Latest revision as of 07:30, 17 October 2024

SRC SH2 THREF1TRP MUTANT COMPLEXED WITH THE PHOSPHOPEPTIDE S(PTR)VNVQNSRC SH2 THREF1TRP MUTANT COMPLEXED WITH THE PHOSPHOPEPTIDE S(PTR)VNVQN

Structural highlights

1f1w is a 2 chain structure with sequence from Gallus gallus. Full crystallographic information is available from OCA. For a guided tour on the structure components use FirstGlance.
Method:X-ray diffraction, Resolution 2.1Å
Ligands:
Resources:FirstGlance, OCA, PDBe, RCSB, PDBsum, ProSAT

Function

SRC_CHICK Non-receptor protein tyrosine kinase which is activated following engagement of many different classes of cellular receptors including immune response receptors, integrins and other adhesion receptors, receptor protein tyrosine kinases, G protein-coupled receptors as well as cytokine receptors.
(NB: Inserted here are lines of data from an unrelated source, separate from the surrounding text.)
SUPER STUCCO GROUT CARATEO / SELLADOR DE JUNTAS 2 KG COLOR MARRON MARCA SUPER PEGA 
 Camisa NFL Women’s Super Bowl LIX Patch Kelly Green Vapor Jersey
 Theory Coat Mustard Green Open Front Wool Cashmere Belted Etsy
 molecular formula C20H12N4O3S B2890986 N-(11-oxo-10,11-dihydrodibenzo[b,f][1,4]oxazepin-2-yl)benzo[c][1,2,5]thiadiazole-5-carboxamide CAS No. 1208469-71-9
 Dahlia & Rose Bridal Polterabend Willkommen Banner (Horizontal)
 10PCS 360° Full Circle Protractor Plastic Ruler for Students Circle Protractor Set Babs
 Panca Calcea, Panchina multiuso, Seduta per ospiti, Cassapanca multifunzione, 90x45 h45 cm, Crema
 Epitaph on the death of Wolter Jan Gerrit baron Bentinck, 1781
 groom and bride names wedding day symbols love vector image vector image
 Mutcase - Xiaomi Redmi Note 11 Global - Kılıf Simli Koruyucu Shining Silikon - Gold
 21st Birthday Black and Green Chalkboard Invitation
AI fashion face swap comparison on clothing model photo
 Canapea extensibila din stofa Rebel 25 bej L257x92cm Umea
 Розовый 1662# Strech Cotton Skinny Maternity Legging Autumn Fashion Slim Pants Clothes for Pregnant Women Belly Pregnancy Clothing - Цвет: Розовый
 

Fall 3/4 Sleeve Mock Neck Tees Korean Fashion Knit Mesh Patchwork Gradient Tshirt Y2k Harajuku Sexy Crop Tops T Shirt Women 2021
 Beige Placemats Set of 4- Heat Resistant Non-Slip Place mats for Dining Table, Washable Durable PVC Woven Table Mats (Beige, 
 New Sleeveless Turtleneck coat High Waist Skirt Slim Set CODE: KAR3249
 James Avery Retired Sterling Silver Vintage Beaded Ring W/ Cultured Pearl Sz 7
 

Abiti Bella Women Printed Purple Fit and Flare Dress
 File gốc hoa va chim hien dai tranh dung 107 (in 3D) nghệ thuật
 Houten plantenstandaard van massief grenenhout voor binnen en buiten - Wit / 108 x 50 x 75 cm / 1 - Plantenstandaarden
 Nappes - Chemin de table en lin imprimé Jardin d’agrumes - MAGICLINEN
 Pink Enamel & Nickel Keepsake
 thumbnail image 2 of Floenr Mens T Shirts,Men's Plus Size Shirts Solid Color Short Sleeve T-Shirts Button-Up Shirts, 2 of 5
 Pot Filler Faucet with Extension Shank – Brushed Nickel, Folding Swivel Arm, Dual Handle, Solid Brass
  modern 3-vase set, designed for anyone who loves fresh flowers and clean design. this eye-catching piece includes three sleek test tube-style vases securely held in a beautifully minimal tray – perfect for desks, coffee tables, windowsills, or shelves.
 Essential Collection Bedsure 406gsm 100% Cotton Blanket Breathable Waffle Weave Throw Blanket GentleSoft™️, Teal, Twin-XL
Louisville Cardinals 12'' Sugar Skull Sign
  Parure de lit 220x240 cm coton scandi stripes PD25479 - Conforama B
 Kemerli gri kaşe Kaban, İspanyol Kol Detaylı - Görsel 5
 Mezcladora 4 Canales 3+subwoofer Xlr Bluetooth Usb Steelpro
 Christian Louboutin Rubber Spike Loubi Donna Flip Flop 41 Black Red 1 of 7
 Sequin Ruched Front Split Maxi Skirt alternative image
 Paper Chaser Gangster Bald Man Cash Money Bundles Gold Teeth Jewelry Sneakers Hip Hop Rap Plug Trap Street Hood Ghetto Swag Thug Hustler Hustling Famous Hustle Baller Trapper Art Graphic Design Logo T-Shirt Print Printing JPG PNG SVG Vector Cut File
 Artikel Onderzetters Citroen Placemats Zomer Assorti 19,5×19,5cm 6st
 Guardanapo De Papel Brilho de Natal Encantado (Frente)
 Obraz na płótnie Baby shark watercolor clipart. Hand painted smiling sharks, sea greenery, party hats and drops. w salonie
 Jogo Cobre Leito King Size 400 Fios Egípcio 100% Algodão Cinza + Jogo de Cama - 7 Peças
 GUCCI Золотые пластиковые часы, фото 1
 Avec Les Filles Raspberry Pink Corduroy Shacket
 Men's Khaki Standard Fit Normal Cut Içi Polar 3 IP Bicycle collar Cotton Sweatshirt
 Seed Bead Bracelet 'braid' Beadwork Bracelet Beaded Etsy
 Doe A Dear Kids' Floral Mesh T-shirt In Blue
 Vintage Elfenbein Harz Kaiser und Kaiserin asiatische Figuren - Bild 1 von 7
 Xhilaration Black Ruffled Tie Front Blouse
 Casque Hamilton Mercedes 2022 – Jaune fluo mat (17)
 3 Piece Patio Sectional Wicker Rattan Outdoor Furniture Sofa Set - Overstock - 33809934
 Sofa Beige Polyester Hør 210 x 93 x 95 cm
Participates in signaling pathways that control a diverse spectrum of biological activities including gene transcription, immune response, cell adhesion, cell cycle progression, apoptosis, migration, and transformation. Due to functional redundancy between members of the SRC kinase family, identification of the specific role of each SRC kinase is very difficult. SRC appears to be one of the primary kinases activated following engagement of receptors and plays a role in the activation of other protein tyrosine kinase (PTK) families. Receptor clustering or dimerization leads to recruitment of SRC to the receptor complexes where it phosphorylates the tyrosine residues within the receptor cytoplasmic domains. Plays an important role in the regulation of cytoskeletal organization through phosphorylation of specific substrates involved in this process. When cells adhere via focal adhesions to the extra-cellular matrix, signals are transmitted by integrins into the cell and result in tyrosine phosphorylation of a number of focal adhesion proteins, including PTK2/FAK1 and paxillin (PXN). Also active at the sites of cell-cell contact adherens junctions and at gap junctions. Implicated in the regulation of pre-mRNA-processing. Might be involved not only in mediating the transduction of mitogenic signals at the level of the plasma membrane but also in controlling progression through the cell cycle via interaction with regulatory proteins in the nucleus.[1] [2]

Evolutionary Conservation

Check, as determined by ConSurfDB. You may read the explanation of the method and the full data available from ConSurf.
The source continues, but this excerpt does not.